A project so wasteful and bloated that it’s been nominated for this year’s Golden Turkey award (vote here), the state’s lower chamber is moving ahead with a half-billion-dollar (with a “b”) project to construct a new office building for Minnesota’s 134 House members.
Here is a rendering of the new state office building complex as presented to legislators last December:
I’ve circled in red a space included in a new addition that appears to be a balcony located above the new public entrance facing the existing capitol building.
According to the floor plans for the new complex, the new balcony will not be open to the public.
To be located on the fifth floor, the new balcony space will be within the private space used by the House of Representatives. Currently, this fifth-floor space is controlled by House majority (currently Democratic) leadership.
The built-in, covered balcony/terrace space (circled in red, above) is not clearly seen on the public renderings of the project, but will be for the exclusive use of Democratic House leadership.
If you look closely at the drawings, the plans were prepared by the celebrity firm Robert A.M. Stern Architects, with their main offices on Park Avenue in Manhattan.
You may recall that Stern’s outfit was behind the prestigious Eleven condo project in downtown Minneapolis. We wrote about the 41-story Eleven project last year. Stern also designed the George W. Bush Presidential Library in Dallas, Texas.
Adding injury to insult, the entire project is terrifyingly expensive. In a letter to the current House Republican leader (Lisa Demuth, R-Cold Spring), the Minnesota Management and Budget Office (MMB) outlines the cost of the project, which may cost taxpayers up to $275 million in interest alone.

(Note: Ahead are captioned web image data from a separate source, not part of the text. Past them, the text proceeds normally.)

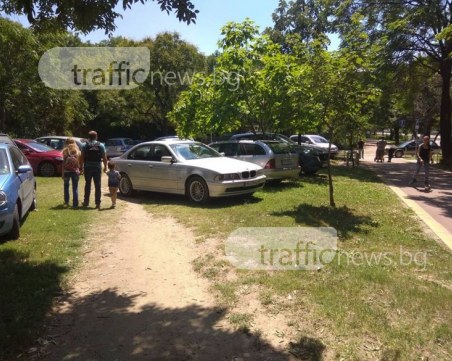 Средновековно паркиране на средновековния фестивал СНИМКИ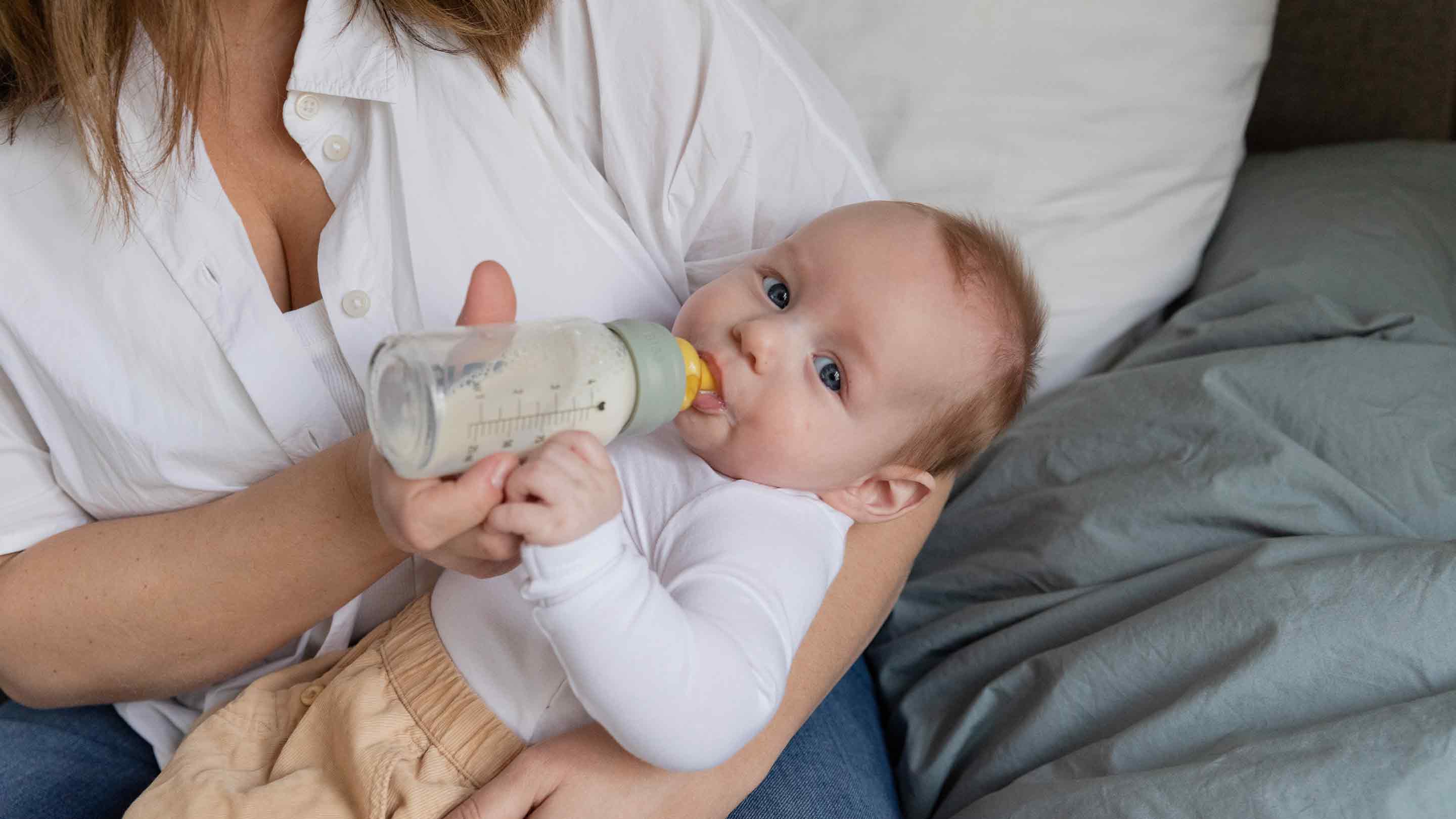 breat-bottle-feeding | Natural Baby Shower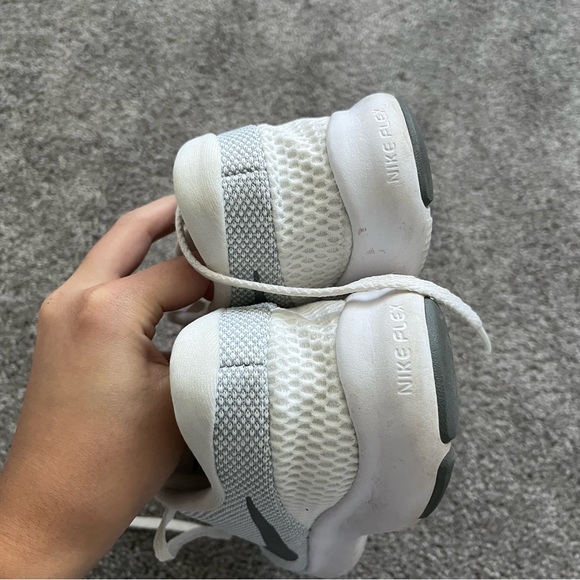 Womens Nike Sneakers - Picture 6 of 9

The project’s total financing cost (principal plus interest) works out to $730 million total, or more than $5.4 million per House member.
The legislature took an unconventional financing path to avoid having a recorded vote for the project. Rather than issue state-backed bonds, to the general bond-buying public, the government is borrowing the half-billion from a private investment bank.
The low-bidder investment bank is another Manhattan-based (Madison Avenue) entity, Jeffries LLC.
A little over year ago, Jeffries was fined $50 million by the U.S. Securities and Exchange Commission (SEC) for various record-keeping violations. In a related move, the U.S. Commodities Futures Trading Commission (CFTC) fined the firm an additional $30 million for violations under their purview.
Construction of the new complex is expected to be complete in late 2026.